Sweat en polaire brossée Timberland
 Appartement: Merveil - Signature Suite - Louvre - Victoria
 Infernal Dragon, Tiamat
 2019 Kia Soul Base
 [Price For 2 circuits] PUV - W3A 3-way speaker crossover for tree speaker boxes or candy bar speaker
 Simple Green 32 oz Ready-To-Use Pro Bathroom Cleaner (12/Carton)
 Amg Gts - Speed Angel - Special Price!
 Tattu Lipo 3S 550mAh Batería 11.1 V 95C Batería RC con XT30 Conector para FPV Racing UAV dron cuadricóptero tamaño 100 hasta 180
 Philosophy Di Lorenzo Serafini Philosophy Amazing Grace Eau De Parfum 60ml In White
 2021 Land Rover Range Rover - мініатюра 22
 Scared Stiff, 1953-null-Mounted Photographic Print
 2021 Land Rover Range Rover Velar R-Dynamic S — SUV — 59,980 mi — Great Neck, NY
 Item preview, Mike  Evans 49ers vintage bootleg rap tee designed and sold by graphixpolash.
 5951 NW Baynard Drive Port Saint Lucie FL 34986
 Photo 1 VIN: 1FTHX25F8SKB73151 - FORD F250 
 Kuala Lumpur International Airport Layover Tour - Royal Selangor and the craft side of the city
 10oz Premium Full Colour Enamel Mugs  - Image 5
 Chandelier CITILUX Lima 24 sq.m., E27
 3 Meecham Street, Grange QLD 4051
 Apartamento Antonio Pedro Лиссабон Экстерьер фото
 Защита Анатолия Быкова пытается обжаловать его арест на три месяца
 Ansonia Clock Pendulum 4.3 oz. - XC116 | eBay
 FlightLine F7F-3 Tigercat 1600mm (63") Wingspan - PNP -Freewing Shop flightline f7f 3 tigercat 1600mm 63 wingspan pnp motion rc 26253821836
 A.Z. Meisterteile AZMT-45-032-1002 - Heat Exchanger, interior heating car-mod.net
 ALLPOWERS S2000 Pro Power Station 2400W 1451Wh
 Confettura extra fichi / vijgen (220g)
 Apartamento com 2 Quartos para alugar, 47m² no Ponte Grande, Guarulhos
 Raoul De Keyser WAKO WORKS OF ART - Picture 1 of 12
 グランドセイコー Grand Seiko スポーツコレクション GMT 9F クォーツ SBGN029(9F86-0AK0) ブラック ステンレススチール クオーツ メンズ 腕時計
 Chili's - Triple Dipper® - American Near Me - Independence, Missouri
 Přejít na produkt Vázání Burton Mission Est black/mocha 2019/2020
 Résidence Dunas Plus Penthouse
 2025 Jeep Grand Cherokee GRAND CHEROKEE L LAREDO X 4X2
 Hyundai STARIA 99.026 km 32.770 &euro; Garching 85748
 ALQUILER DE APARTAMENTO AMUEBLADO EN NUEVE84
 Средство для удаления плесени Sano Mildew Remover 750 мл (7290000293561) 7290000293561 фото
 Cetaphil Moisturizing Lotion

* Task to carry out *
Copy all lines of the preceding data that hold the word "фото".

* Written response *
 Apartamento Antonio Pedro Лиссабон Экстерьер фото
 Средство для удаления плесени Sano Mildew Remover 750 мл (7290000293561) 7290000293561 фото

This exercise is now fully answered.